With respect to the cellular processes that participate and/or regulate trogocytosis and the intercellular transfer of H-Ras, our findings indeed imply that they are somewhat similar but not completely equivalent. Unlike classical trogocytosis, highly specific TCR/peptide-MHC interactions are not required for efficient H-Ras transfer., Thus, we hypothesize that the initial diffuse cell–cell contacts that form among lymphocytes and the cells they scan—independent of cognate antigen recognition—provide enough contact regions to promote this transfer. However, the formation of a mature immunological synapse that depends on high avidity specific TCR/peptide-MHC interactions is required for significant typical trogocytosis (PM snatching) to occur.

In a following study, we introduced a novel mass spectrometry-based approach designed to detect the array of proteins synthesized by B cells and acquired by NK lymphocytes during short-term co-culturing. Our novel approach took advantage of the stable-isotope labeling of amino acids in cell culture (SILAC) method. Thus, we labeled B cells (protein donor) with “heavy” amino acids and left the NK cells (protein recipient) unlabeled, such that the labeled proteins acquired by NK cells during co-culture could be identified by their mass shift. We found that, indeed, a large number of proteins (n~170) transfer among B and NK lymphocytes in an actin–cytoskeleton-dependent manner, including the following inner PM-associated proteins: K-Ras, Ral-A, Arf4, Lck, and Rab10.

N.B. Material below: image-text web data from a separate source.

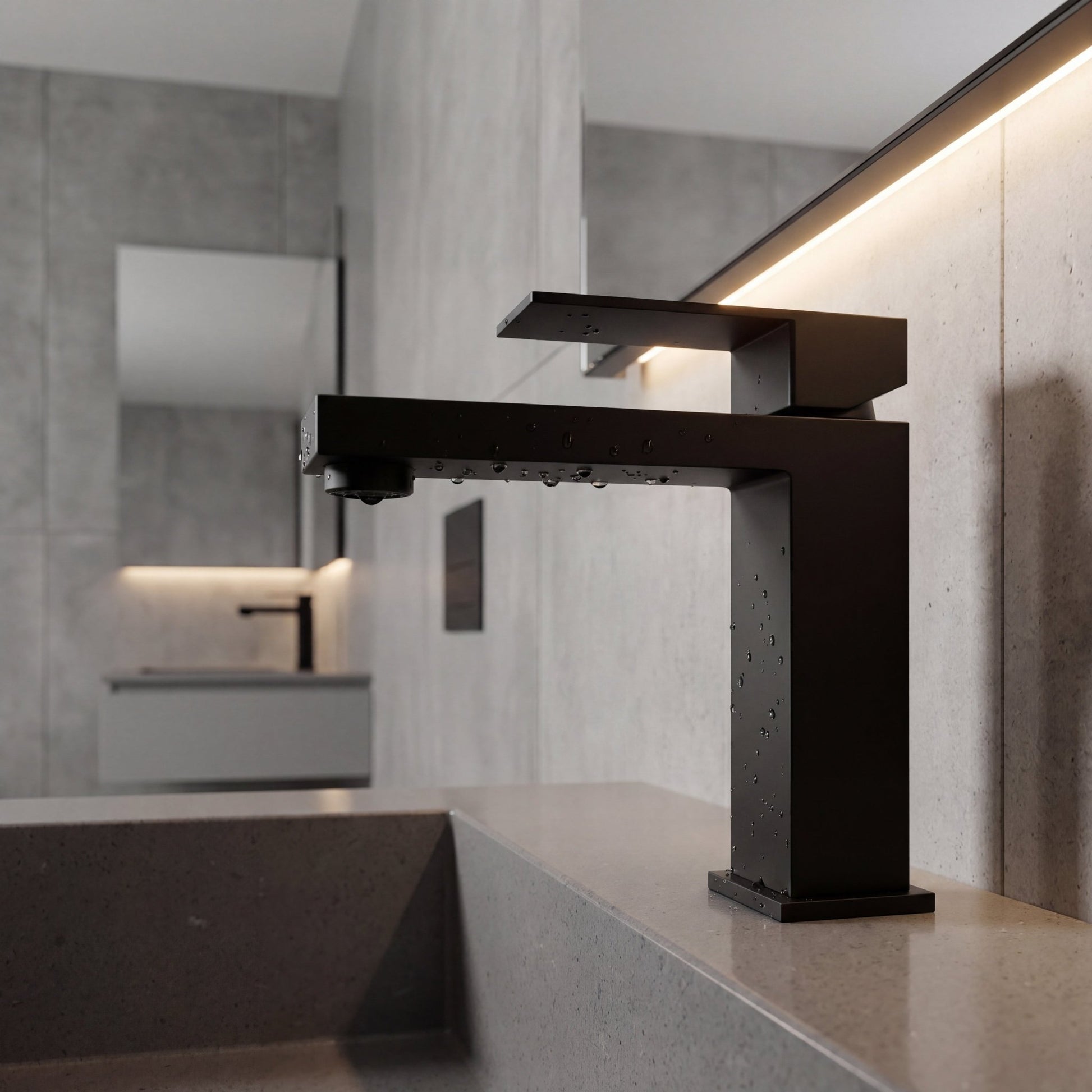 Velva EDGE Collection | Forward - Leaning SUS304 Stainless Steel Faucet (cUPC) - FaucetPolished Chrome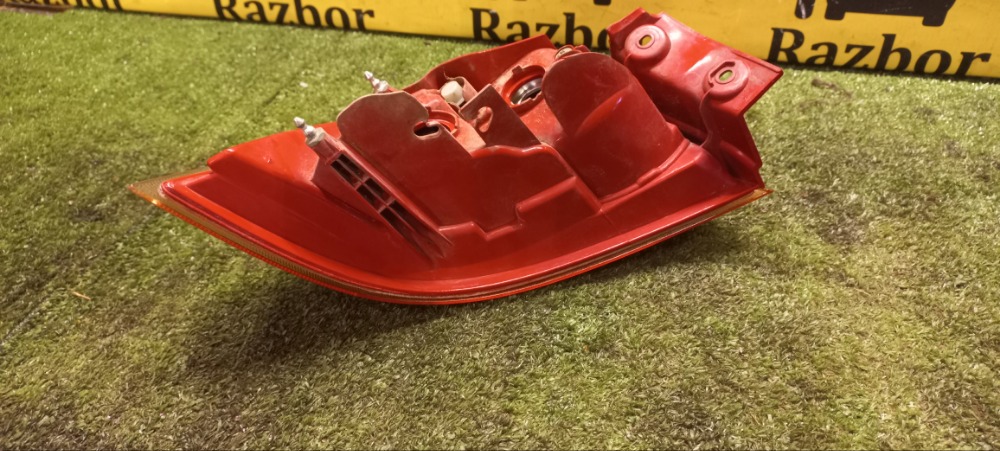 Фонарь Mitsubishi Lancer 2008 X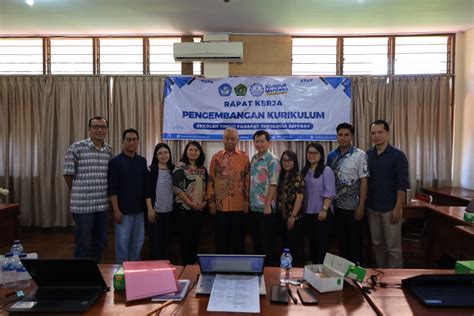 STFT Jaffray Makassar Rapat Kerja Pengembangan Kurikulum Sekolah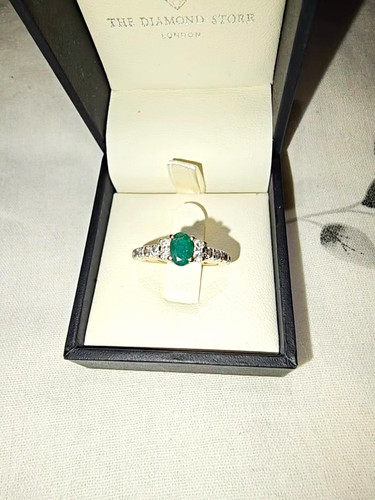 Genuine 18ct gold - ,, diamond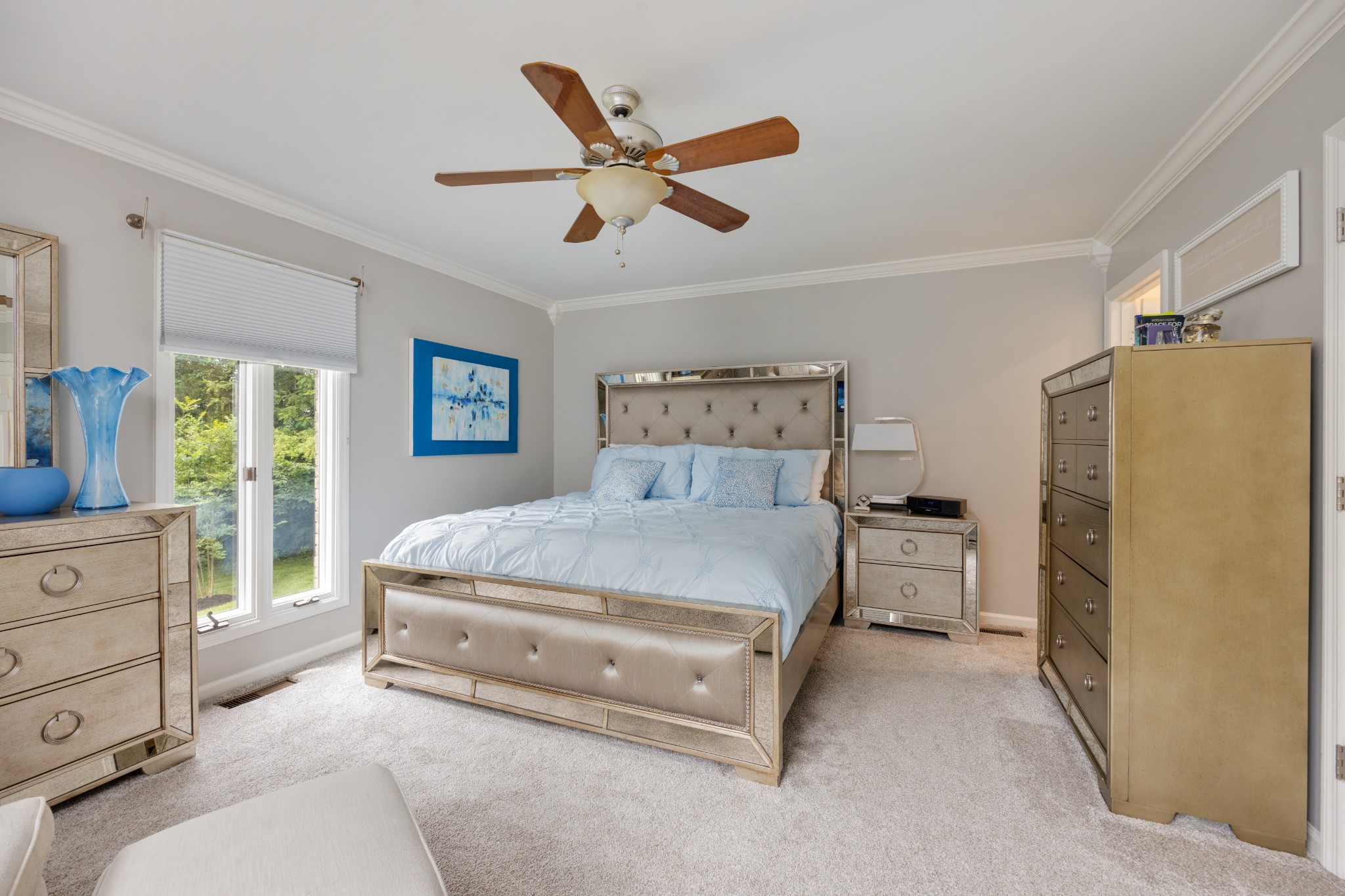 930 Graceland Ct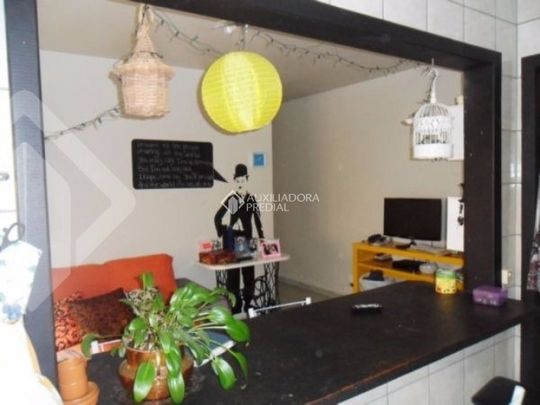 Apartamento com 2 quartos e 57m² para alugar em Camaquã, Porto Alegre. - Photo 1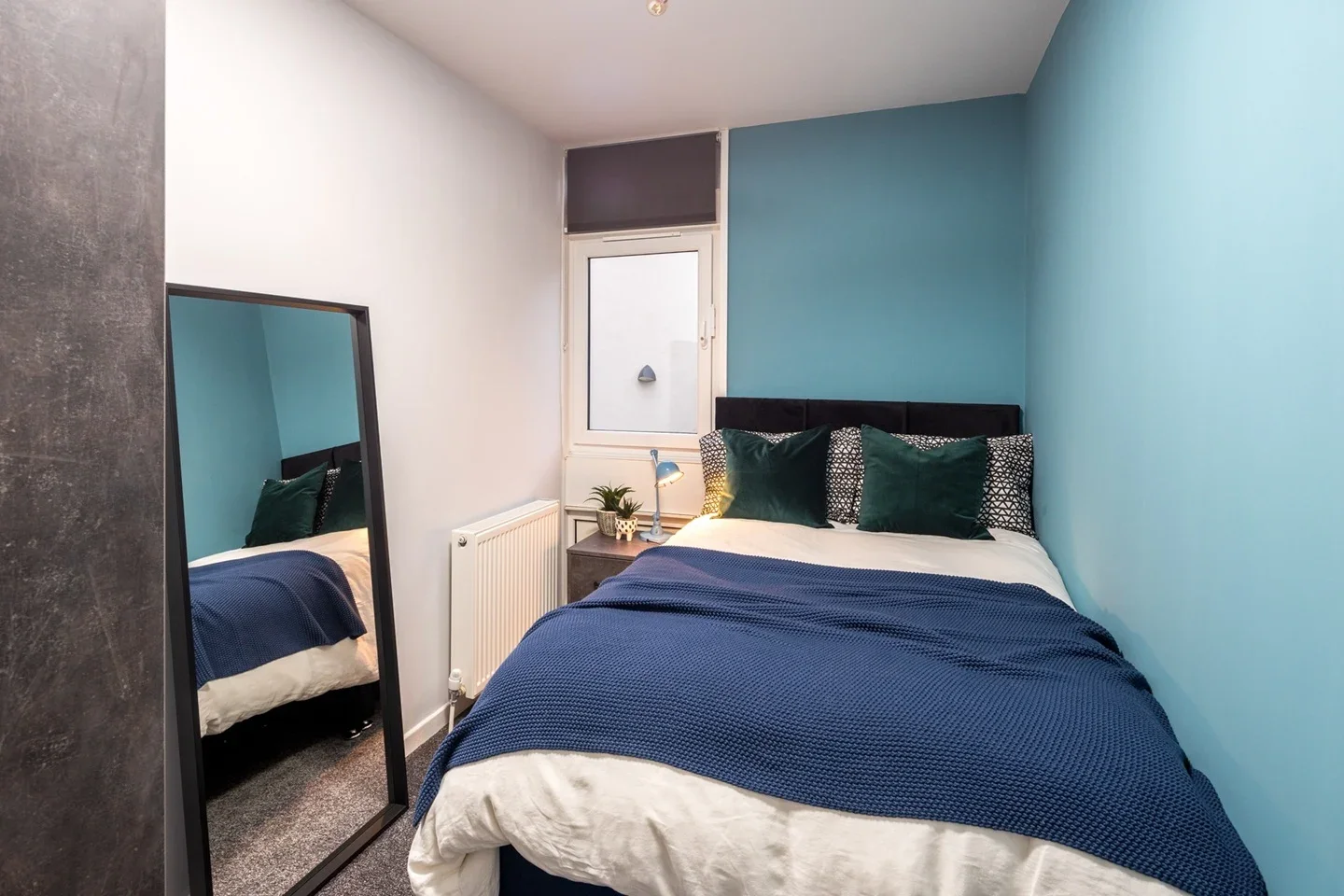 Room Cedars Road in Greater London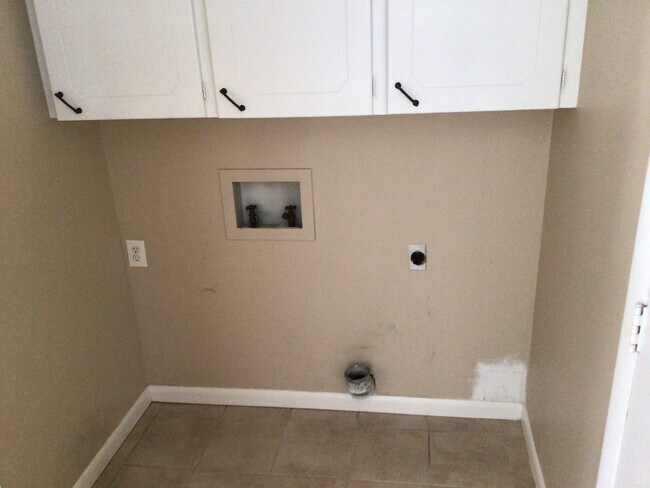 Building Photo - 11313 Gila Valley Dr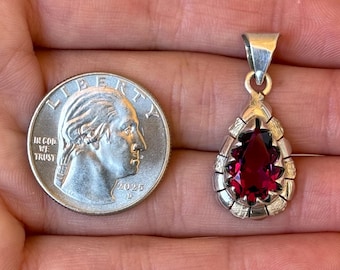 Sterling Silver 925 Mexican Handmade Dark Pink CZ Teardrop Pendant - Pre-Owned (3.3g)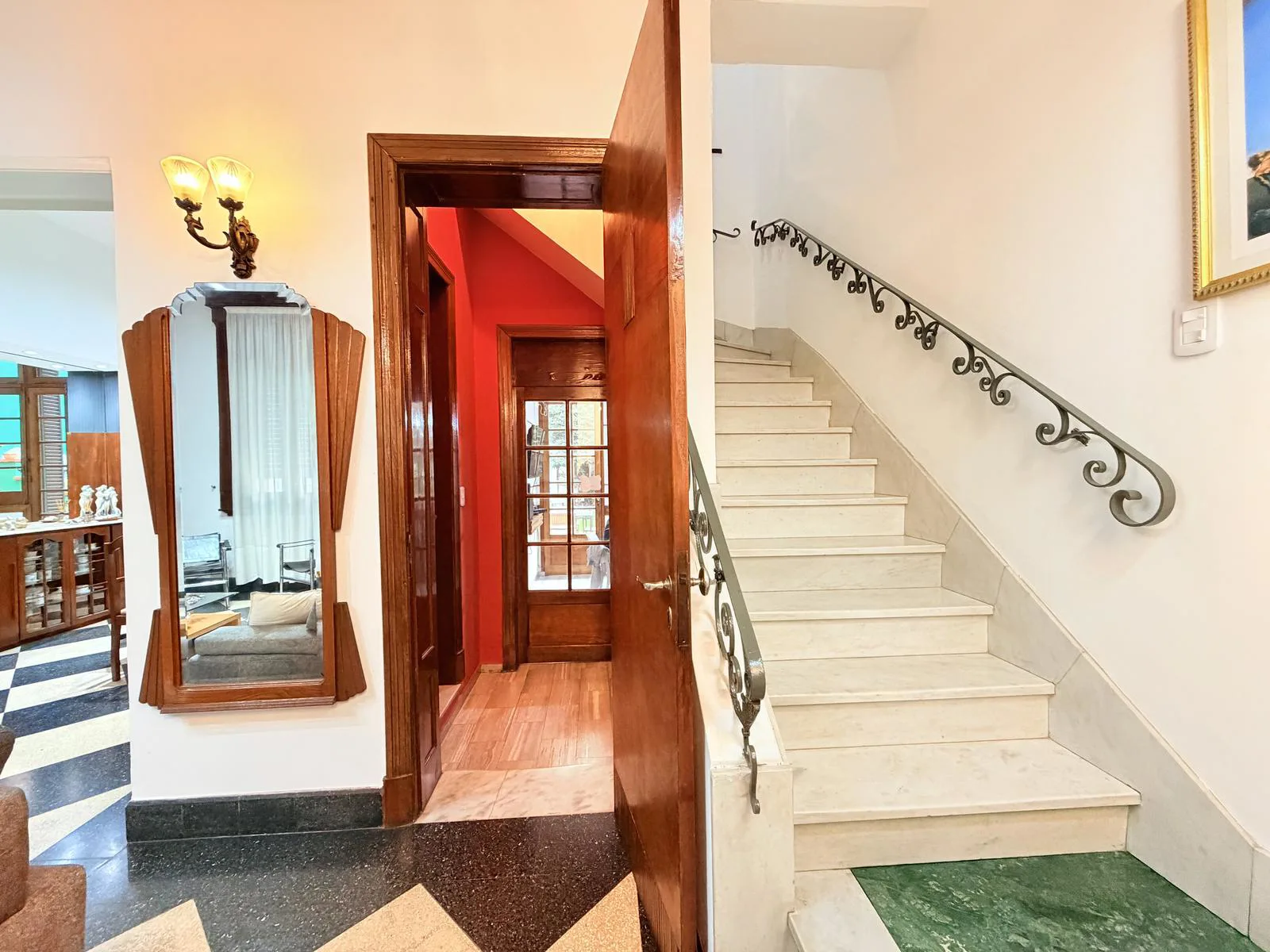 Casa ART DECO en venta, 4 dormitorios - Balcarce y 9 de Julio, Centro foto 3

Our more recent studies, designed to characterize the fine details of Ras intercellular transfer, revealed that TNTs forming between antigen-presenting B cells and T cells, during co-culturing, can also serve as an important conduit for this transfer. In these studies we employed advanced techniques, such as cell trapping by optical tweezers and live-cell imaging by 4D spinning disk confocal microscopy, to first show that close-ended TNTs commonly form after B/T-cell conjugates separate. Next, we determined by fluorescence recovery after photobleaching that GFP-tagged H-Ras (GFP-H-Ras) molecules could shuttle by lateral diffusion in the PM extensions forming the TNTs, and then accumulated within a discrete region at the junction between the B cell-derived TNTs and the T-cell body. Importantly, the GFP-H-Ras molecules continually transferred in discrete quanta from the end-region of the TNT to the T-cell surface and moved away from the junction region.

In conclusion, the experimental data generated by others and us,,, in recent years lead us to propose that the cell-to-cell transfer of selected inner PM-anchored signaling proteins, primarily of the Ras super-family, between the host cells and lymphocytes, by a variety of cellular mechanisms, may be more prevalent than previously recognized. This notion may eventually lead to a paradigm shift in classical theories of cellular immunology. Although our work sheds new light on the topic of intercellular communication in the context of the immune response, it probably just reveals the “tip of the iceberg”. (Fig. 1)

Figure 1. Schematic representation of the process of H-Ras transfer from APCs (721.221 B cells) genetically engineered to express GFP-tagged H-Ras (green) to T cells (red). Initially, GFP-H-Ras patches (illustrated as small green spheres) are snatched by T cells during cell–cell conjugate formation. Thereafter, when the 2 cells separate and move in opposite directions (see arrows), GFP-H-Ras enriched (green) TNTs are formed and facilitate the gradual transfer of additional GFP-H-Ras patches to Jurkat T cells.